The opening-day beer-board at San Diego Brewing Co.’s North Park tasting room (Photo Credit: Kristina Blake)

They were the last to go into H.G. Fenton’s three-suite Brewery Igniter campus, but San Diego Brewing Company (3052 El Cajon Boulevard, North Park) became the second tenant to open last week. The veteran business’ 2,500-square-foot tasting room is open seven days a week and accepting all comers. The beer flowing from its 15 taps is a mix of longtime staples such as Blueberry Wheat, Old Town Nut Brown and Google-search darling San Diego IPA, as well as newer creations like Pale In Drop D session ale and Black Orchid imperial chocolate milk stout.

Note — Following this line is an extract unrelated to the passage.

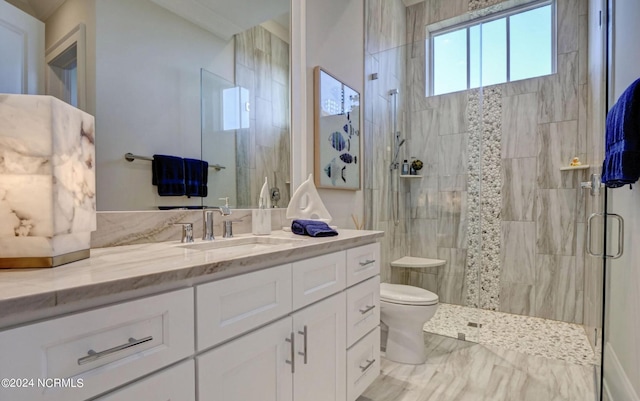 bathroom with a shower with shower door, vanity, tile floors, and toilet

Head brewer Jeff Drum opened with one entirely new beer on-tap, a Scottish Ale called 80 Shilling (named for its alcohol-content per historic Scottish practices). He has another beer in development which he plans on debuting at the new space, an IPA called Shadow Fall. In addition to all that ale, San Diego Brewing’s satellite also serves house-made root beer and a pair of kombuchas, one of which is pumpkin pie-flavored and served on nitro.

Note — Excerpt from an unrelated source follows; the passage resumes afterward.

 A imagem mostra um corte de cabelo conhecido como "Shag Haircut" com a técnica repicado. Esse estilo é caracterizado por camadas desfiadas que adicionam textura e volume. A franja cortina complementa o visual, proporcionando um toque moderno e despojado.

The North Park facility is equipped with a 10-barrel brewing system Drum uses to double-batch into 20-barrel fermentation and conditioning tanks. The tasting room is open to the public from 4 to 9 p.m., Monday through Thursday, 3 to 10 p.m. on Fridays, noon to 10 p.m. on Saturdays and Sundays from noon to 9 p.m. An official grand-opening event will take place from 12 to 4 p.m., Saturday, January 28 and feature brewery tours, a raffle and food from various mobile vendors. The space is kid- and dog-friendly with a large-screen TV to occupy the former…and their parents.